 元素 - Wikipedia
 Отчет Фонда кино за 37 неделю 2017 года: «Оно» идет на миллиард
==
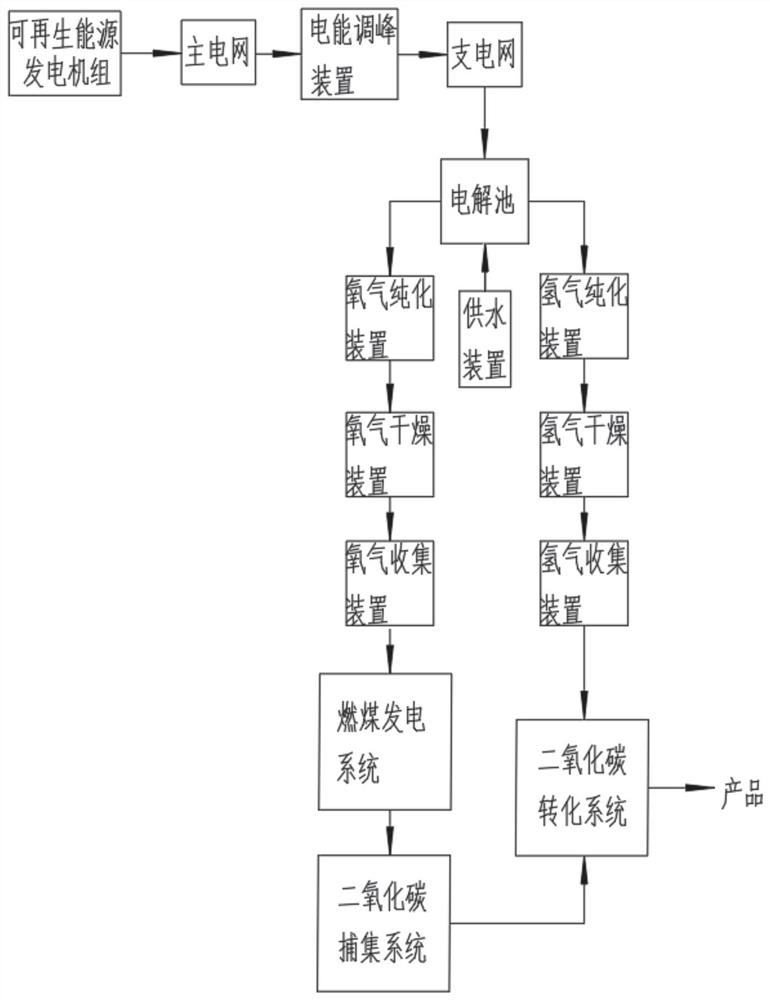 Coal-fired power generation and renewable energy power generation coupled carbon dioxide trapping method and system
---
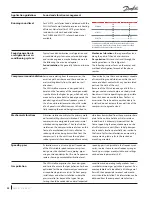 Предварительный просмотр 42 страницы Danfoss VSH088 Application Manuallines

• [What is needed]:
In the listing above, find the line with "元素 - Wikipedia" and the line with "Отчет Фонда кино", then print exactly those two lines and every line between them, and nothing more.

• [Answer for the task]:
 元素 - Wikipedia
 Отчет Фонда кино за 37 неделю 2017 года: «Оно» идет на миллиард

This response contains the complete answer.